Het klopt dat [gedaagde] die werkzaamheden niet heeft uitgevoerd. Maar niet is gebleken dat partijen zijn overeengekomen dat, zoals [eiser] stelt, die werkzaamheden voorafgaand aan de overdracht van de woning moesten zijn uitgevoerd. Bovendien volgt nergens uit dat het [gedaagde] was die dat moest regelen. Uit artikel 13 van de koopovereenkomst lijkt te volgen dat dit een verantwoordelijkheid van [eiser] was. In dat artikel staat namelijk: ‘
koper draagt zorg voor klein en groot onderhoud en accepteert de staat van de opstal bij ondertekening van dit contract op 10 augustus 2019’.De handgeschreven afspraak op de laatste pagina van het contract, waar [eiser] zich op beroept, ondersteunt de stelling [eiser] evenmin. Op die pagina staat:
‘Afspraak dak boven
keuken en badkamer boven
kosten 50 % / 50%
koper / verkoper’
4.11.
Daaruit volgt alleen dat [gedaagde] 50% zou bijdragen in de kosten van de werkzaamheden. Ook uit de door [eiser] gestelde opzet van de transactie – dat [eiser] na uitvoering van de werkzaamheden de woning meteen zou doorverkopen – volgt nog niet dat [gedaagde] moest zorgdragen voor uitvoering van de werkzaamheden. De slotsom is dat [gedaagde] niet zelf in verzuim was en dat het aan [eiser] te wijten is dat de woning niet is overgedragen.
4.12.
In de brief van 19 maart 2021 is [eiser] daarom terecht in gebreke gesteld en zijn hij en zijn moeder gesommeerd om binnen 7 kalenderdagen schriftelijk te bevestigen dat zij meewerken aan de juridische levering van de woning op 15 april 2021. [eiser] heeft daar niet (tijdig) op gereageerd. De moeder van [eiser] heeft per brief van 24 maart 2021 een (zoveelste) tegenvoorstel gedaan, waarbij zij het transport – kortgezegd – afhankelijk maakt van de doorverkoop aan een derde onder bepaalde voorwaarden (zoals de hoogte van de koopsom die die derde betaald). Zij heeft dus in ieder geval geen gehoor gegeven aan de sommatie.
4.13.
Tot slot voert [eiser] aan dat – zo begrijpt de rechtbank – niet langer sprake was van enige tekortkoming aan zijn kant omdat er op 12 februari 2021 een nieuwe (mondelinge) overeenkomst is gesloten. [gedaagde] betwist dat.

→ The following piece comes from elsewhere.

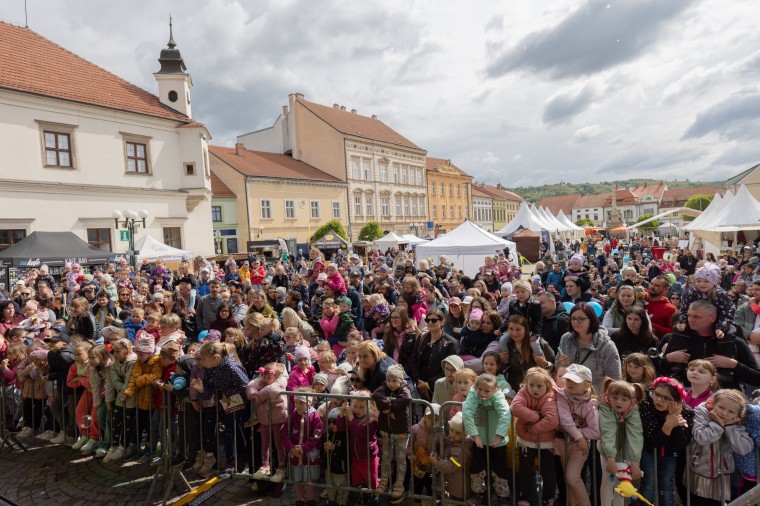Slavnosti chřestu a vína 2025, foto Majda Slámová (foto 1)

Zo’n nieuwe overeenkomst kan ook niet worden afgeleid uit de e-mails waar [eiser] zich op beroept. Op 12 februari 2021 stuurt de zoon van [gedaagde] per e-mail een Excelsheet naar de moeder van [eiser] . De Excelsheet bevat alleen een overzicht van de verschuldigde, betaalde en nog openstaande servicekosten en andere vergoedingen die optellen tot € 17.803,31. Daarin en in de e-mail zelf is geen aanbod te lezen voor de overdracht van de woning voor een bepaald bedrag. Ook de reactie daarop van de moeder van [eiser] , per brief van 2 maart 2021, kan moeilijk gezien worden als een aanvaarding van enig aanbod. Zij schrijft immers: ‘
Zoals telefonisch besproken en in persoon met jouw zoon [B (voornaam)] , moet het pand zo snel mogelijk worden verkocht. Uit de diverse opstellingen blijkt dat ik jou een bedrag van € 575.000,00 verschuldigd ben bij verkoop van het huis. (…). Ik ben bereid daar € 600.000,00 van te maken. Ik verwacht dat jij hiermee akkoord gaat (…)’Dat kan hoogstens als tegenvoorstel worden gezien, nu er om een akkoord wordt gevraagd. Vaststaat dat [gedaagde] vervolgens niet heeft ingestemd met die (voorgestelde) € 600.000, zodat er geen nieuwe overeenkomst tussen partijen tot stand is gekomen.
De ontbindingsverklaring is niet vernietigbaar
4.14.
De ontbindingsverklaring kan ook niet vernietigd worden. [eiser] voert aan dat [gedaagde] misbruik van omstandigheden heeft gemaakt, zodat [eiser] de ontbinding kan vernietigen. Die bevoegdheid komt echter een partij toe die door misbruik door een ander (als bedoeld in artikel 3:44 lid 4 BW) wordt bewogen een rechtshandeling te verrichten. In dit geval heeft [gedaagde] de rechtshandeling verricht. De vordering van [eiser] die strekt tot vernietiging van de ontbinding wordt daarom afgewezen.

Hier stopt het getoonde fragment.